"""
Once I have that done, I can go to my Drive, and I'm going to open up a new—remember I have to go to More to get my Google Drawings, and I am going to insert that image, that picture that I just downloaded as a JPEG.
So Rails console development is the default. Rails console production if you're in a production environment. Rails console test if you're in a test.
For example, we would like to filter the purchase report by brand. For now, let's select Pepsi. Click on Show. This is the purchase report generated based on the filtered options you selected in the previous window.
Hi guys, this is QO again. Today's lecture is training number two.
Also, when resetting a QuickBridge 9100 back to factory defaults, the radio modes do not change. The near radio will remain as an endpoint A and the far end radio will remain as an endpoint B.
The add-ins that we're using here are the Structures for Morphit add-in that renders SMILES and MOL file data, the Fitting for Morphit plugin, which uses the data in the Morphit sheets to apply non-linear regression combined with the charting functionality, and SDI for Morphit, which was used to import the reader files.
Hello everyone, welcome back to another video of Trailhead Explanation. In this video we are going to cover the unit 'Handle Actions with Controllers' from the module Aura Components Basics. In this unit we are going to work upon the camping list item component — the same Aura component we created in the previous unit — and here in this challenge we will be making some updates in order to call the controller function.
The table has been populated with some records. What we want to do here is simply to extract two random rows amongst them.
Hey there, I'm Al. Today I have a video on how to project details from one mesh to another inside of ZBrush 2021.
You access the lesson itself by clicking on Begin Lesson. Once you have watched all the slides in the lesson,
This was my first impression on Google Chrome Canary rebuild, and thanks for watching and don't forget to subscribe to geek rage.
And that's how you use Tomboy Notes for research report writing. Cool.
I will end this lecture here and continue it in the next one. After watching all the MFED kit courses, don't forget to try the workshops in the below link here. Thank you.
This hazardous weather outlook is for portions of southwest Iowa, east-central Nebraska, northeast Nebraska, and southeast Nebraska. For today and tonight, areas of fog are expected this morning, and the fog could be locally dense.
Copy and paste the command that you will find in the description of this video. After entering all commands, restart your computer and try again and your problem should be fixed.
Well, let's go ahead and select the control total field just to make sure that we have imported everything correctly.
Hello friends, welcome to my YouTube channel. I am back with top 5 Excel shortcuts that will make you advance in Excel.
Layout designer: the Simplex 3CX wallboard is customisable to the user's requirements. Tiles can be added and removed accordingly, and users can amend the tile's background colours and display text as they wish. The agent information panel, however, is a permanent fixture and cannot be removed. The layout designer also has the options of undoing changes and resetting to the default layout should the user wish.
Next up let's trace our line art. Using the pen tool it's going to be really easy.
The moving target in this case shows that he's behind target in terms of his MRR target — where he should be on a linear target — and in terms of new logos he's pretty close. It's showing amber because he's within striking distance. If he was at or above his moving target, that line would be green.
"""
__Task prompt__: Quote, without alteration, the final stretch of the entries: the line with "Next up let's" onward to the last line.

__Answer section__:
Next up let's trace our line art. Using the pen tool it's going to be really easy.
The moving target in this case shows that he's behind target in terms of his MRR target — where he should be on a linear target — and in terms of new logos he's pretty close. It's showing amber because he's within striking distance. If he was at or above his moving target, that line would be green.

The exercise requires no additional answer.